Cyril Bardsley

Personal information
- Born: 24 June 1931 Manchester, England
- Died: 6 February 2020 (aged 88) Stockport, Greater Manchester, England

Team information
- Discipline: Track cycling
- Role: Rider

= Cyril Bardsley (cyclist) =

English cyclist (1931–2020)

Cyril Bardsley (1931–2020) was an English male track cyclist.

==Cycling career==
Bardsley was born 24 June 1931 and was trained by his father Albert Bardsley, who was himself a useful track rider. He was an apprentice plumber from Blackley, Manchester and joined the Manchester Clarion club, which at that time included the international pursuit rider Cyril Cartwright as a member. Bardsley’s first track race was at Fallowfield on 10 April 1950, he was a long marker in the 600 yards handicap and came second. He also competed in the local Fallowfield track league.

At the British sprint championship at Herne Hill on 7 July 1951, the Daily Herald of 9 July 1951 described how Bardsley unexpectedly beat the champion Alan Bannister 2-1 with a fine display of tactical sprinting. Bardsley then competed in the 1951 Milan World amateur sprint championships on the famous Vigorelli track, riding a bike lent to him by Reg Harris. Bardsley crashed in the final 300 metres of the quarter finals, the event was re-run after ten minutes, but Bardsley was eliminated. Harris went on to win his third professional sprint title at the meeting.

After the world championships, Bardsley trained with Harris for several weeks and was described by the press as Harris’ protégé. In 1951, the NCU sent letters to all Olympic possibles requiring them to state that they were not contemplating turning professional. Bardsley refused to sign and the following month, he turned professional to ride with Reg Harris at Raleigh, whilst he was still just 20 years old.

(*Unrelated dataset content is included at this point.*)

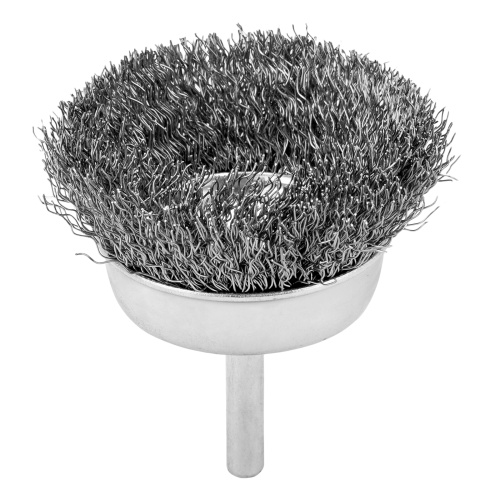 Щетка для дрели, 65 мм, "чашка" со шпилькой, витая проволока Сибртех по ценам производителя в Челябинске с доставкой по всей России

Bardsley made his professional debut at Owlerton stadium on 24 May 1952, racing in a sprint omnium against Reg Harris, Arie van Vliet and Roy Pauwels. Harris and Bardsley then combined to beat the quarter and half mile standing start British tandem records at Fallowfield on 3 June 1952. In the summer of 1952, Harris and Bardsley appeared in a series of professional track omnium events around the country against Australian Syd Patterson and British professional road racers such as Dave Bedwell, Derek Buttle and Len Jackson.

Bardsley and Harris were both selected for the 1952 World professional sprint championships in Paris, but Bardsley was eliminated when his wheel buckled in a semi-final and a re-run was refused. The Swiss Oscar Plattner was crowned World professional sprint champion. Bardsley finished the 1952 season with a professional omnium race at Herne Hill’s meeting of Champions.

In December 1952, Bardsley went to Australia for four months so that he could race through the winter. He was kept busy with omnium racing against Syd Paterson, Jan Derksen and Australian champion Keith Reynolds.

Bardsley returned to England in April 1953 and rode with team mate Reg Harris at professional sprint meetings at the Grand Prix of Paris, Fallowfield and Herne Hill. Bardsley and Harris were again selected for the World sprint championships at Zurich and spent some time before the event appearing in exhibition matches in Northern Ireland. Harris made the world final, whilst Bardsley was knocked out in the quarter finals.

In June 1954, Bardsley raced in Denmark, then appeared at the Fallowfield Whit Monday meeting and Herne Hill for the Grand Prix of London sprint. Bardsley was unplaced at the Cologne World sprint championships, which was won for the fourth time by Reg Harris. The year was relatively disappointing for Bardsley, who did not make the progress expected of him.

Bardsley was conscripted into the RAF in 1955 but still managed some racing, he complained about a lack of training and following a very lean year, he retired from racing.

In 1959, Bardsley made a comeback for a couple of years, racing at Fallowfield in sprint events. After Bardsley retired, he opened a cycle shop in the 1950s called Bardsley Cycles at 482 Manchester Road, Heaton Chapel, Stockport SK4 5DL. He was involved with the South Manchester Racing Club, who used to meet at the Fallowfield clubhouse on Monday nights and the club trained on the Fallowfield track.

In the 1990s, Bardsley Cycles shop was taken over by ex-racing cyclist Will Wright and the shop changed its name to Will's Wheels. Bardsley died on 6 February 2020, aged 88.